D'après les spécialistes, le viol aggrave le handicap en lui-même. Le traumatisme de l'agression a de lourdes conséquences sur le plan neurologique. Pis, la plupart du temps, les médecins ne feront pas le lien entre l'aggravation et l'agression subie. Ainsi, les syndromes traumatiques vont être pris comme des symptômes du handicap et donc traités comme tels.
Certaines personnes vulnérables vont mettre des décennies à mettre des mots sur les sévices subis.
Enfin, l'amélioration des techniques scientifiques d'investigation doit également être prise en compte dans la détermination des délais de prescription. La preuve génétique constitue aujourd'hui un facteur important d'élucidation d'affaires anciennes et présente un intérêt tout particulier en matière criminelle et sexuelle.
La législation doit ainsi prendre en compte les spécificités des personnes vulnérables.

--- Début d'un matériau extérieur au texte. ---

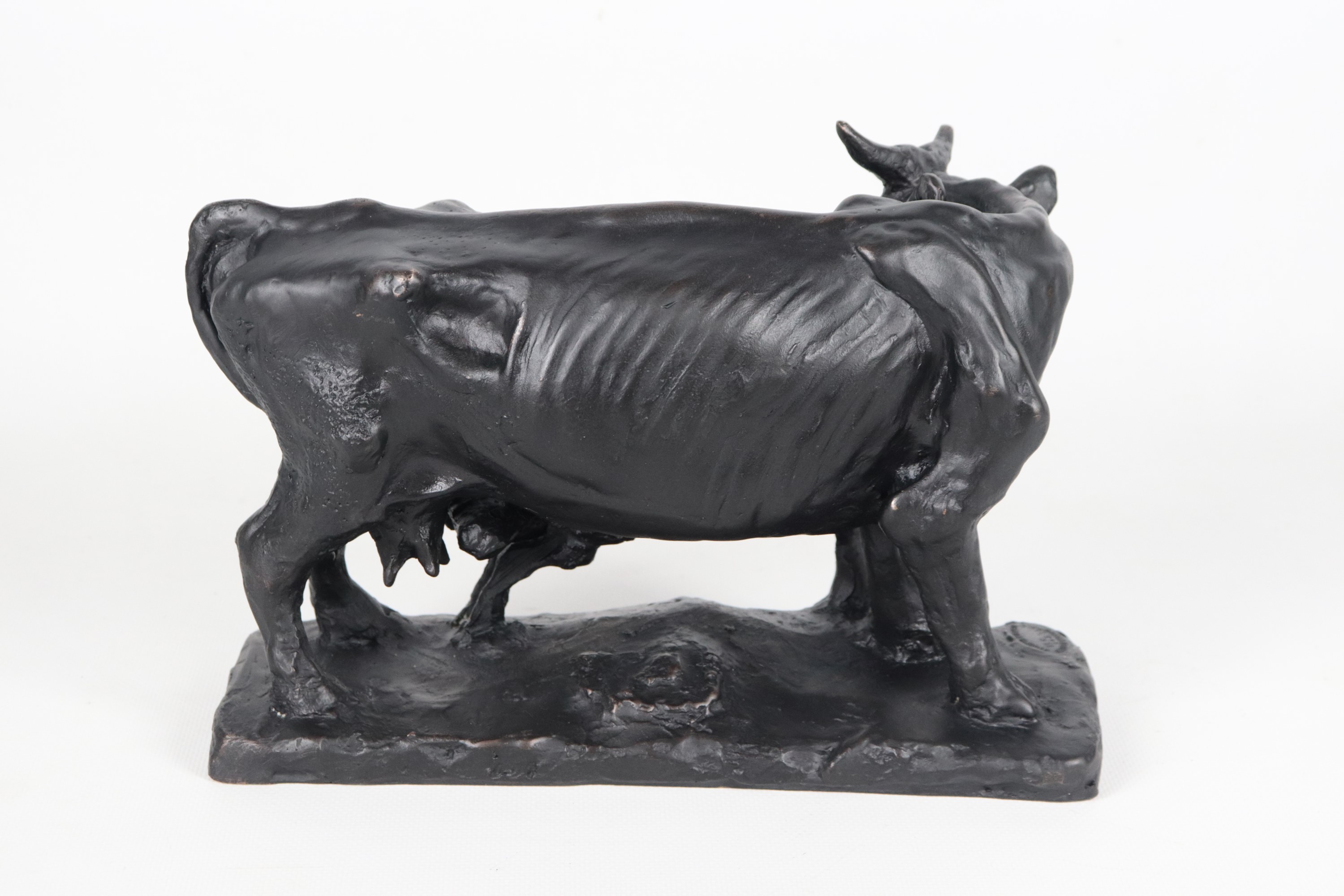 Firmata. "La nutrice", scultura in bronzo multiplo 643/1500. Si allega certificato di garanzia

Ainsi, l'allongement à 30 ans de la prescription des crimes sur personnes vulnérables doit permettre de réaffirmer la lutte contre les crimes sexuels et violents à l'égard de ces personnes comme une priorité de politique de pénale. Il s'agit enfin de mettre fin à un problème sociétal gravissime qui doit être pris en compte par les pouvoirs publics.